Towards Continuous-Time Approximations for Stochastic Gradient Descent without Replacement
Stefan Perko
TL;DR
This work presents a continuous-time stochastic framework for SGD without replacement by driving a Young differential equation with epoched Brownian motion to capture epoch-wise data reuse. It proves almost-sure convergence for strongly convex objectives with Hölder Hessians under decaying learning rates $u_t = \frac{1}{(1+ct)^\beta}$ with $\beta\in(0,1)$, and derives explicit rate bounds that are competitive with or improve upon existing SGDo results across various shuffling schemes. The epoched noise model unifies single-shuffle, random reshuffling, and related schemes, linking SGDo dynamics to stochastic-ODE approximations while clarifying the role of epoch structure in convergence. Overall, the paper provides a principled, mathematically tractable lens for analyzing epoch-based SGD methods and their convergence behavior.
Abstract
Gradient optimization algorithms using epochs, that is those based on stochastic gradient descent without replacement (SGDo), are predominantly used to train machine learning models in practice. However, the mathematical theory of SGDo and related algorithms remain underexplored compared to their "with replacement" and "one-pass" counterparts.
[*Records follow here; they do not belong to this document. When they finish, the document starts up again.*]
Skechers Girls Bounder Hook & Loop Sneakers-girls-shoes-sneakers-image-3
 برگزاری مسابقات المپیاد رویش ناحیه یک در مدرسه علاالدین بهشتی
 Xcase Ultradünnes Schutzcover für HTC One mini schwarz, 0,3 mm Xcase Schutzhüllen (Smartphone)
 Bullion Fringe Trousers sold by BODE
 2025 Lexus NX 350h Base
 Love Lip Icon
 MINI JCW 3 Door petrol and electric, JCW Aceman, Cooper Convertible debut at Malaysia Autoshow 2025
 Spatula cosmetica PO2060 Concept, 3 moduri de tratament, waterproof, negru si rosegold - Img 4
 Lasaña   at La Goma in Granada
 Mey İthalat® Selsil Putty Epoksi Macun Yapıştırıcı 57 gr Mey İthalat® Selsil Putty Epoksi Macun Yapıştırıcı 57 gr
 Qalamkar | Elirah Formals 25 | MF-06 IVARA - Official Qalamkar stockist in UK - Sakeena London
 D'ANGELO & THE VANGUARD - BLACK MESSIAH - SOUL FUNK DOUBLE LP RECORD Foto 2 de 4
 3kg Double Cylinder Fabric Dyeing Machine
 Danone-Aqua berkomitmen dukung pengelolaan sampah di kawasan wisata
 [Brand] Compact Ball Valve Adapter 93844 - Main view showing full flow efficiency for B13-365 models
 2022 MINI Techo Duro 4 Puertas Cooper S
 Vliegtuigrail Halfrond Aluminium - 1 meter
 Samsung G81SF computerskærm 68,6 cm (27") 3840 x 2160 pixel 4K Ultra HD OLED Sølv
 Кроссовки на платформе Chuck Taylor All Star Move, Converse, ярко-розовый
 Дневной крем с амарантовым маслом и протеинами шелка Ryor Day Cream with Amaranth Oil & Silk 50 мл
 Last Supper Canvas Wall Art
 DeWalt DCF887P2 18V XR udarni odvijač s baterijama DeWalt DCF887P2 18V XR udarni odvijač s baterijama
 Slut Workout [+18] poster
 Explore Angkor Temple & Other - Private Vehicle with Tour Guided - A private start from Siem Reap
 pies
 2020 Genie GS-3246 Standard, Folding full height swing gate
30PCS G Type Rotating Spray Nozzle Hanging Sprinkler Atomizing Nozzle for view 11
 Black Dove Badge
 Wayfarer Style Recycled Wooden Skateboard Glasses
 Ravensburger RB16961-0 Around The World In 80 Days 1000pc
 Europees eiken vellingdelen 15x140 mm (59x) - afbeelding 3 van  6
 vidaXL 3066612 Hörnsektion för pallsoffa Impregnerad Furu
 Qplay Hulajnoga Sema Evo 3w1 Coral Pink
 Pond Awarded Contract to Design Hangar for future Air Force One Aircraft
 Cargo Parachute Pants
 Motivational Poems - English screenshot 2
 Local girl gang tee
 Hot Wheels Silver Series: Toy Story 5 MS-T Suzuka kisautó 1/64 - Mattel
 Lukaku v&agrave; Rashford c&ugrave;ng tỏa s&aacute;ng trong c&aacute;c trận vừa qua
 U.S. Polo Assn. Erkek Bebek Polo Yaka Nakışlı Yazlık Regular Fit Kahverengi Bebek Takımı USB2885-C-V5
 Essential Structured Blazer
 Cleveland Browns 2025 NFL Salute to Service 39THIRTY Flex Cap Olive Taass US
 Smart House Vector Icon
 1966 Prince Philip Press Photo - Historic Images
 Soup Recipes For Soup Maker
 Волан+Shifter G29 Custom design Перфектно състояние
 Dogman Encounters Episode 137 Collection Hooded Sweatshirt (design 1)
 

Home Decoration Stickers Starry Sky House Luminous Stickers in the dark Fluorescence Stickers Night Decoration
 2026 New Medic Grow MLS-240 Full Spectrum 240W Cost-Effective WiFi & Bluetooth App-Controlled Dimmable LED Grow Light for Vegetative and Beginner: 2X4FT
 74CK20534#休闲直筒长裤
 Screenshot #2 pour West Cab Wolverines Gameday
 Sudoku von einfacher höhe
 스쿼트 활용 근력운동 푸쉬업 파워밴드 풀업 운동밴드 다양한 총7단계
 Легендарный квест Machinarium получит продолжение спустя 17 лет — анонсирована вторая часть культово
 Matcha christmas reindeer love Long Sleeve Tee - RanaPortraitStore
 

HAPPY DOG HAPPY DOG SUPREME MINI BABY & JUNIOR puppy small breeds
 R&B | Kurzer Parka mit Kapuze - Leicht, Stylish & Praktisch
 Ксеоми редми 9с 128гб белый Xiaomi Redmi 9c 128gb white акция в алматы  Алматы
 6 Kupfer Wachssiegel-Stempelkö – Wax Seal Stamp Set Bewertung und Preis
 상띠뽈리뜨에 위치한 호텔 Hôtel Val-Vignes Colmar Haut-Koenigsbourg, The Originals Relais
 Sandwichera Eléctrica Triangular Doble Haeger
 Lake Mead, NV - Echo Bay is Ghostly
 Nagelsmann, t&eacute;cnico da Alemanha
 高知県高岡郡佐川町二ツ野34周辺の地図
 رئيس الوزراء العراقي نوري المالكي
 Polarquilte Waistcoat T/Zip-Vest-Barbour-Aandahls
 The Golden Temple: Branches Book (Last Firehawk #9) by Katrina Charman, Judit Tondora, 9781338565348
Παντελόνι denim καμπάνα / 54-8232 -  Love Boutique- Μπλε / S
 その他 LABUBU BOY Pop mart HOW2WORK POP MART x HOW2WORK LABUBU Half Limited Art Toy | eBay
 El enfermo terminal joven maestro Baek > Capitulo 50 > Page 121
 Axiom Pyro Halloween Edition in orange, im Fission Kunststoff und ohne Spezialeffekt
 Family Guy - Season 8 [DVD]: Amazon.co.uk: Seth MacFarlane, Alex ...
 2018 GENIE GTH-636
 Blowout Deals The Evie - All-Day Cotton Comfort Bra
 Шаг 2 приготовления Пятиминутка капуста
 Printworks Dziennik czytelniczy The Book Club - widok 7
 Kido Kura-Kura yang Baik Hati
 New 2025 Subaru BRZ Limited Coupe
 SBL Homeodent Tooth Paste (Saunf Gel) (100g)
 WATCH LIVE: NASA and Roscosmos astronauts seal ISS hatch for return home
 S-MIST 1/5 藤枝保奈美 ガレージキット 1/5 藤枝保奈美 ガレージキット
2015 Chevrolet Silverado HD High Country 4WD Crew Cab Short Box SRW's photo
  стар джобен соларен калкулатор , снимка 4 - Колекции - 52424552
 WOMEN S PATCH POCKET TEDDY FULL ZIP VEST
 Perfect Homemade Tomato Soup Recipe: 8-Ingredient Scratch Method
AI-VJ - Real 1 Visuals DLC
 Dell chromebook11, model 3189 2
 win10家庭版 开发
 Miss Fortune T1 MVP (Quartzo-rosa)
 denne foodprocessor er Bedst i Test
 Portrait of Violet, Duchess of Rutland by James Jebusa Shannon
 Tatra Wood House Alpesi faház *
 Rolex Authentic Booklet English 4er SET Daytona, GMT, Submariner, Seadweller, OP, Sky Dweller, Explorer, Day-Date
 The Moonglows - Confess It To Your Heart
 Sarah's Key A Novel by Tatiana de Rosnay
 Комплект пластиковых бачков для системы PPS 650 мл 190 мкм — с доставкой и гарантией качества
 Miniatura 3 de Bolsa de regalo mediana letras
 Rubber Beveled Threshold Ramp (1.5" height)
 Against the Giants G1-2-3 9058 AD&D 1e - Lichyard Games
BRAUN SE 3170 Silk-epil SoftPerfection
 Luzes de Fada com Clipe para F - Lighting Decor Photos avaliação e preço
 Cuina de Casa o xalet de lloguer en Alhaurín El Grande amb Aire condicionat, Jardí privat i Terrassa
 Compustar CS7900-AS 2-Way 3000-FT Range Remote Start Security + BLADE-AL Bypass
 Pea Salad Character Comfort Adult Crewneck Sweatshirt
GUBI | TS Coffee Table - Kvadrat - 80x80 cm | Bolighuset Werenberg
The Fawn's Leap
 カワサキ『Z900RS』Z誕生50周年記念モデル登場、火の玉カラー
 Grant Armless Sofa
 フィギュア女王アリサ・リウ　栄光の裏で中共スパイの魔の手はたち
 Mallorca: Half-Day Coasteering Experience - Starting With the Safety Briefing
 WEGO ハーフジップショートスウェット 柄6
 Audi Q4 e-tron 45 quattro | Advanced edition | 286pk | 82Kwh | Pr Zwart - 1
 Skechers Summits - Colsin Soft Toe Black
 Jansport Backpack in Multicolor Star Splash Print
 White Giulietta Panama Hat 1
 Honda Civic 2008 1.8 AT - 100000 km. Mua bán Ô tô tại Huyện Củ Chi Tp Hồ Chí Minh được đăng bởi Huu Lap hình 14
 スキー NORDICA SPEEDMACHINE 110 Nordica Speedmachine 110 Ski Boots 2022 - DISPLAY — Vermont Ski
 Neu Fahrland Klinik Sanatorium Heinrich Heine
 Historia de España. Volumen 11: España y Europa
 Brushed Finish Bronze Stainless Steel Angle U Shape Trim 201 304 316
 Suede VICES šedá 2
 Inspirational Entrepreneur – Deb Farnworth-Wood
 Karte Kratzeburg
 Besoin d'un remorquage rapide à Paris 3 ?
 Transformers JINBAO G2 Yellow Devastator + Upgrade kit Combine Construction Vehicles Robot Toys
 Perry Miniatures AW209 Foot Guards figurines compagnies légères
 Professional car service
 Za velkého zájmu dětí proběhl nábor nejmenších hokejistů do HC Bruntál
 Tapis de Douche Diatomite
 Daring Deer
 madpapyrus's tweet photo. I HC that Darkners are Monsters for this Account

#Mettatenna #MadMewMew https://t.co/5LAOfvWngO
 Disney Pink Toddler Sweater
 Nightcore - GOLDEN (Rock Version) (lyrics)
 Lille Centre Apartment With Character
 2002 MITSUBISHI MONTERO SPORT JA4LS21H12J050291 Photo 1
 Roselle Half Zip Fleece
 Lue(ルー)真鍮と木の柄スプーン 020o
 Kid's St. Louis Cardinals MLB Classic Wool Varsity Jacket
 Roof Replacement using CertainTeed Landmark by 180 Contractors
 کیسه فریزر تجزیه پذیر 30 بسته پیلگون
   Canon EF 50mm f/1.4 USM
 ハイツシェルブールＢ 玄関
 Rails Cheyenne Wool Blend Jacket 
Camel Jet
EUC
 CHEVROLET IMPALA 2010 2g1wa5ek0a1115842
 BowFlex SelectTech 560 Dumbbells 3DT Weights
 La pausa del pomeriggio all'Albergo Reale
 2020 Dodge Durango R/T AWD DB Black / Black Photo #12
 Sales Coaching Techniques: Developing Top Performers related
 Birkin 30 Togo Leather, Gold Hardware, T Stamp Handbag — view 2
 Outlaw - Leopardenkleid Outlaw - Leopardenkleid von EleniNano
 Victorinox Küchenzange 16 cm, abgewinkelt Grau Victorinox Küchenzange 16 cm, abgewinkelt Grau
In this article, we propose a stochastic, continuous-time approximation to SGDo with additive noise based on a Young differential equation driven by a stochastic process we call an "epoched Brownian motion". We show its usefulness by proving the almost sure convergence of the continuous-time approximation for strongly convex objectives and learning rate schedules of the form $u_t = \frac{1}{(1+t)^β}, β\in (0,1)$. Moreover, we compute an upper bound on the asymptotic rate of almost sure convergence, which is as good or better than previous results for SGDo.